──────── TASK INPUT ────────

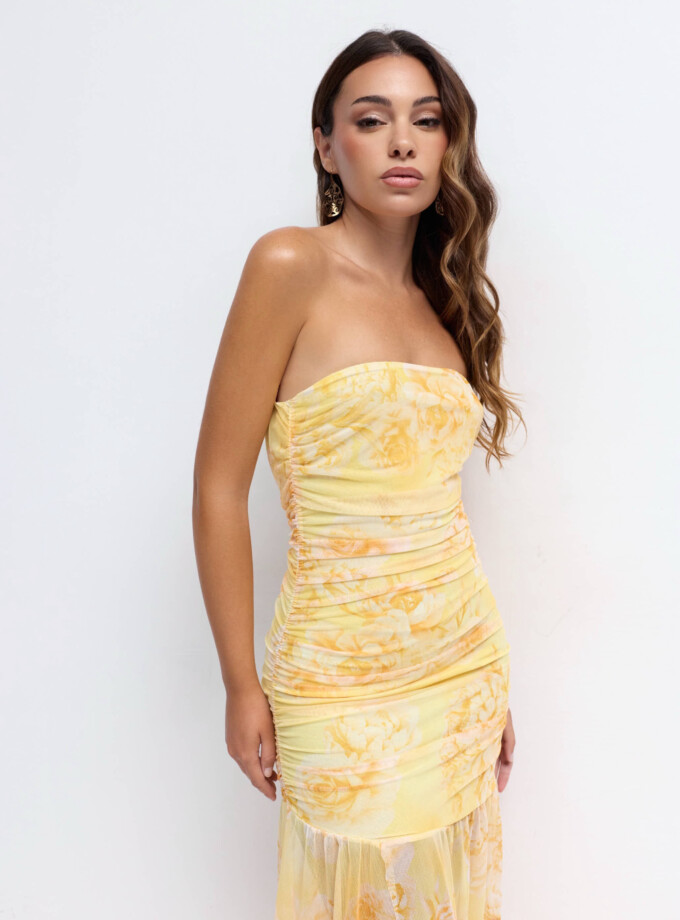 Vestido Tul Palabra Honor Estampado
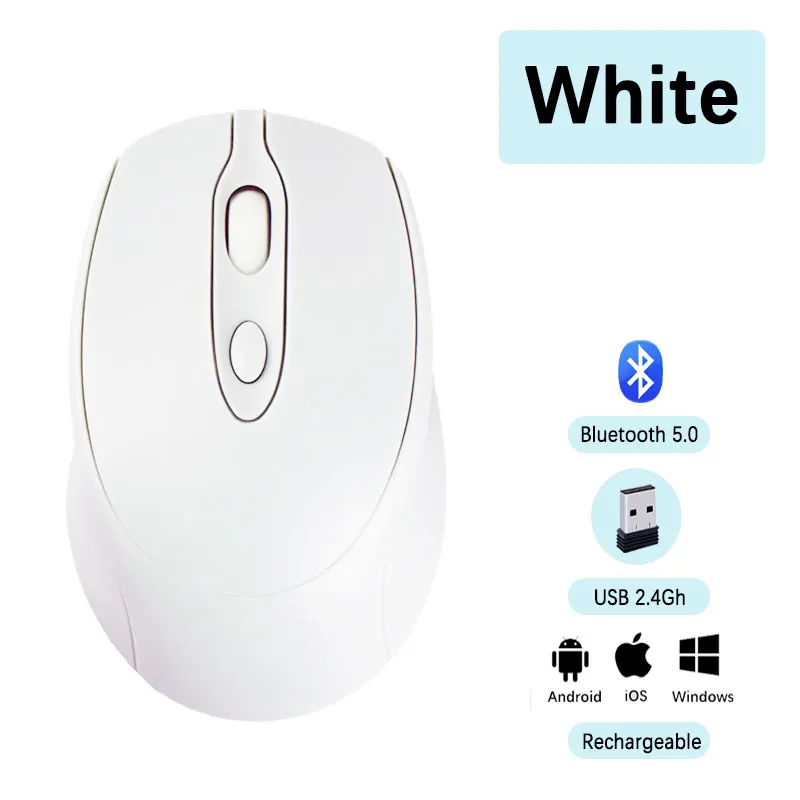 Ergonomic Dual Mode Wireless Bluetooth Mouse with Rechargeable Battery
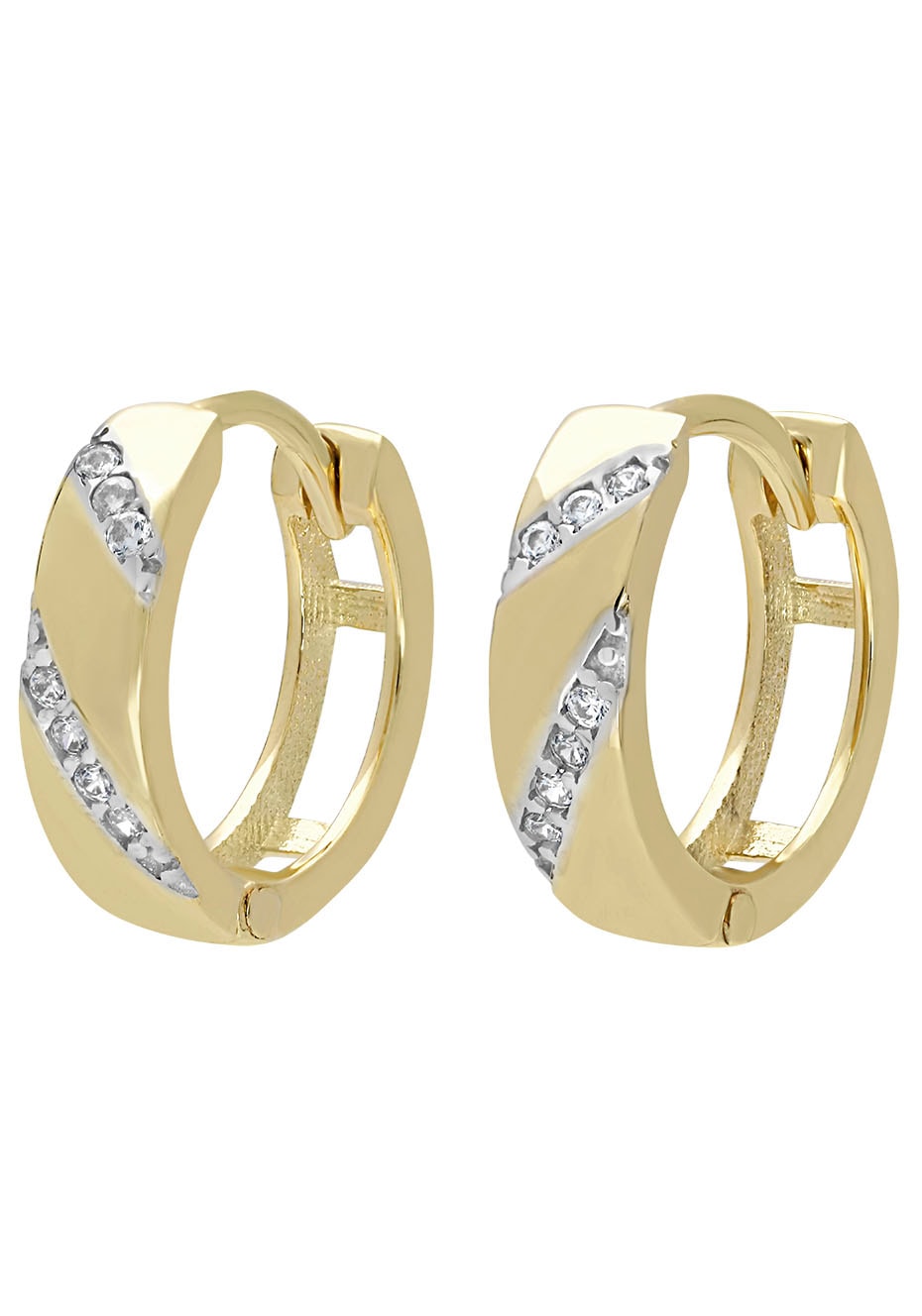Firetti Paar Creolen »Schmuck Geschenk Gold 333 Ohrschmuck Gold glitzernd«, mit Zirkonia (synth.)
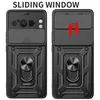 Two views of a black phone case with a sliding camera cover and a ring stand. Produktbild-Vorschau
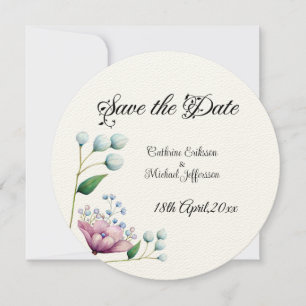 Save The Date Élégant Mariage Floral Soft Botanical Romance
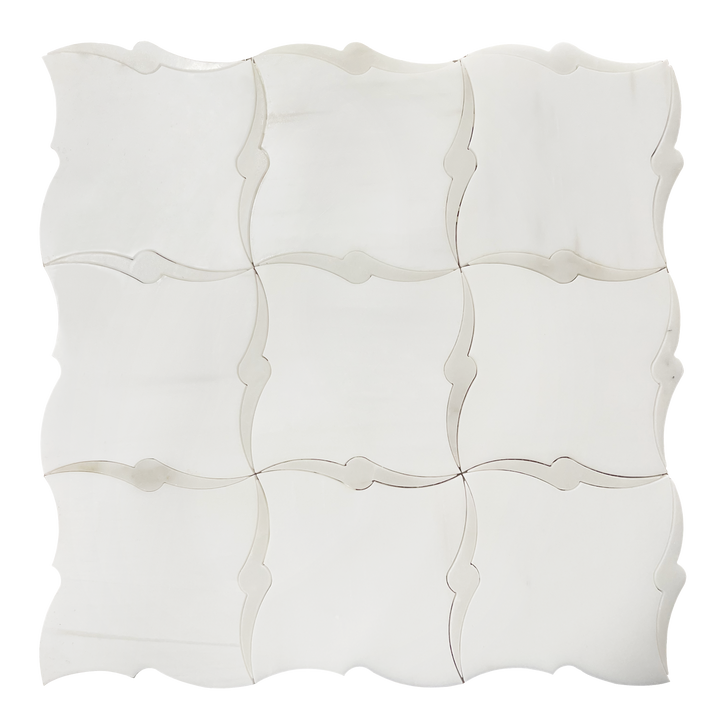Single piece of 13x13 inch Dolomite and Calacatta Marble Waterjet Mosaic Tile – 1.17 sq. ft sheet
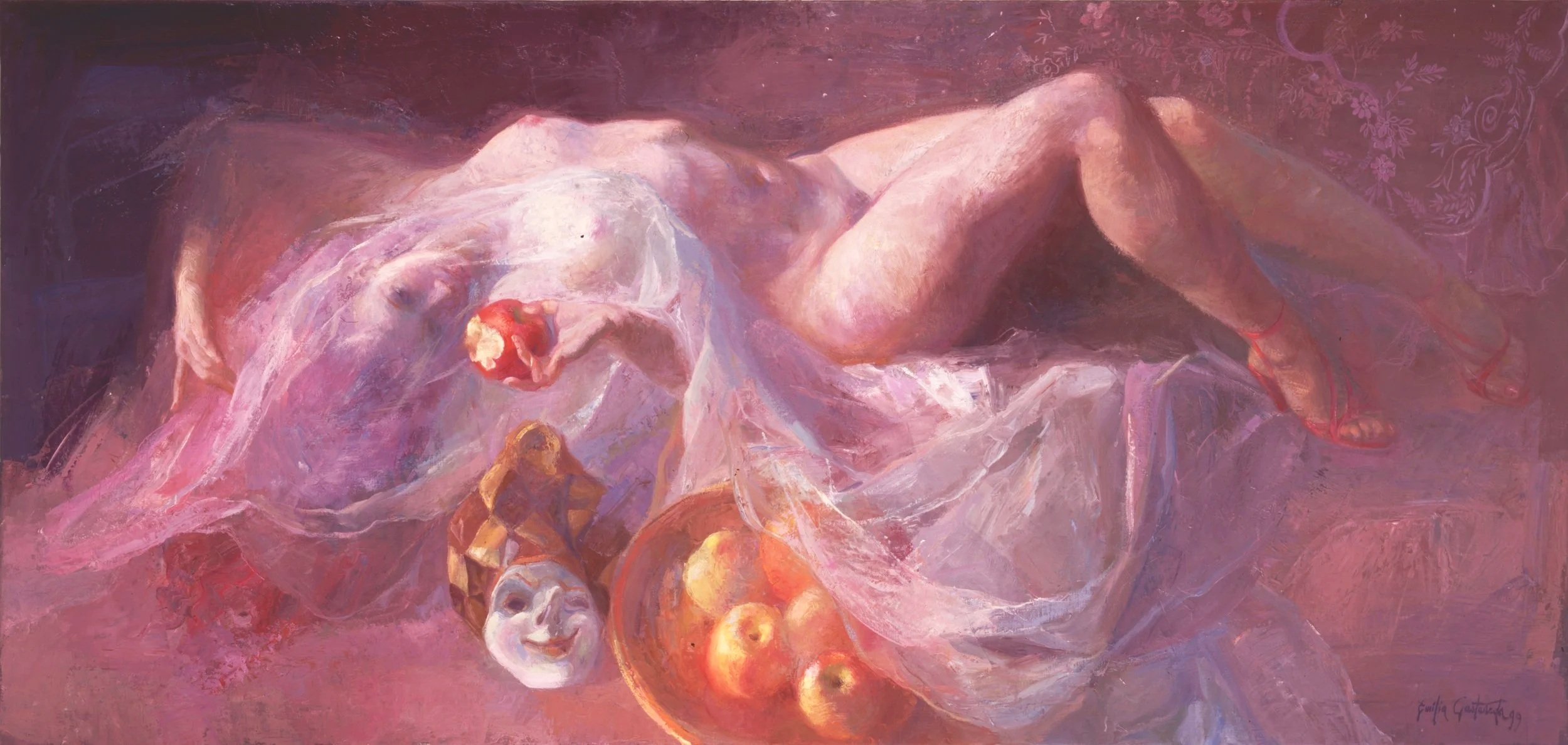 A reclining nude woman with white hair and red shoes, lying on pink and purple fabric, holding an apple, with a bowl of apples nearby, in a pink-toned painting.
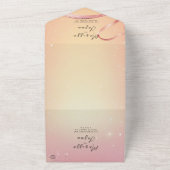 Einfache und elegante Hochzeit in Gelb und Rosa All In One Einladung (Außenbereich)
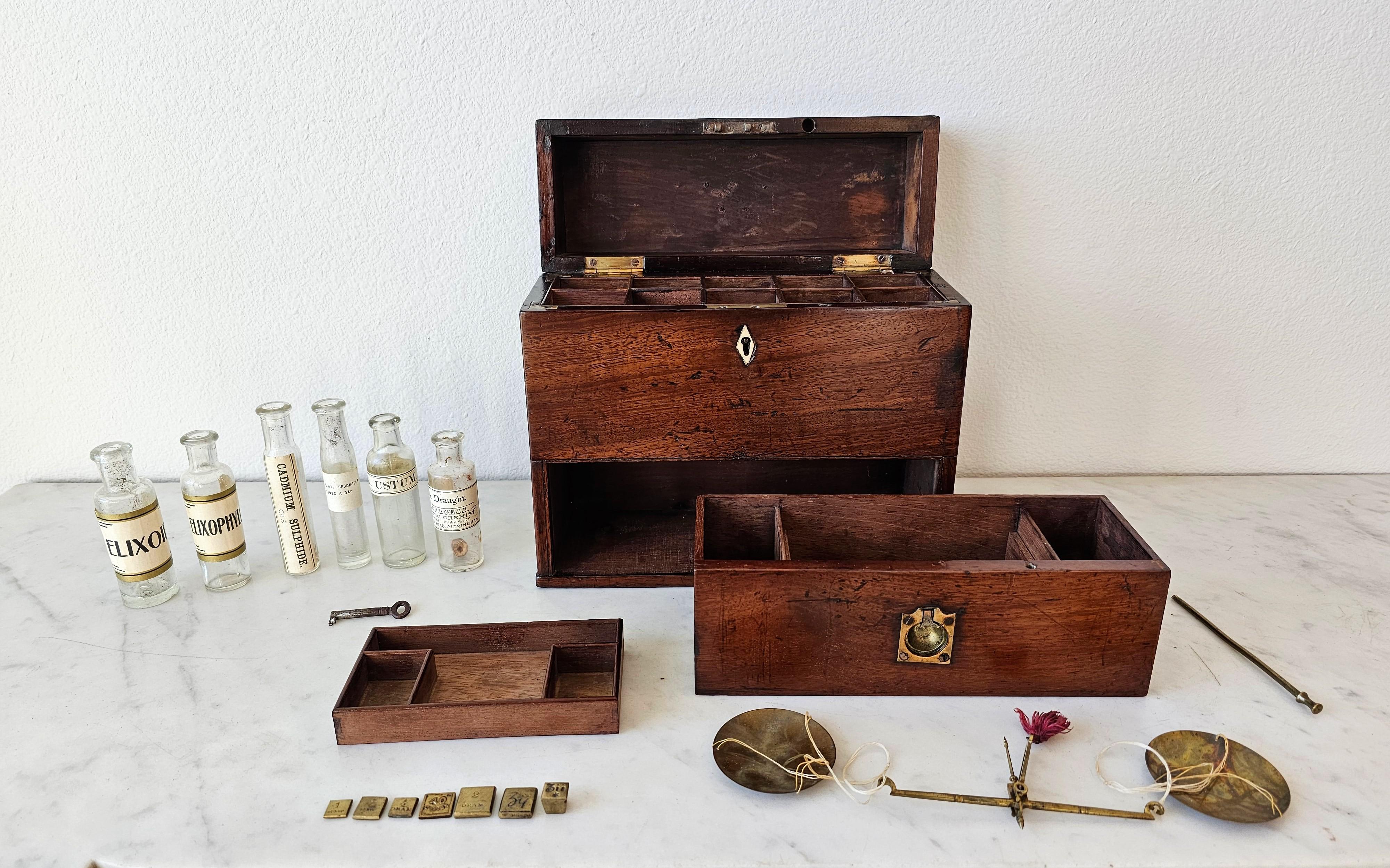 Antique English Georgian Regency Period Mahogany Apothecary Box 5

────────

WHAT TO WORK ON:
All lines from the one containing "Single piece of" through the final line of the entries above must be restated word for word, pictures excluded.

OUTPUT OF THE TASK:
Single piece of 13x13 inch Dolomite and Calacatta Marble Waterjet Mosaic Tile – 1.17 sq. ft sheet
 A reclining nude woman with white hair and red shoes, lying on pink and purple fabric, holding an apple, with a bowl of apples nearby, in a pink-toned painting.
 Einfache und elegante Hochzeit in Gelb und Rosa All In One Einladung (Außenbereich)
 Antique English Georgian Regency Period Mahogany Apothecary Box 5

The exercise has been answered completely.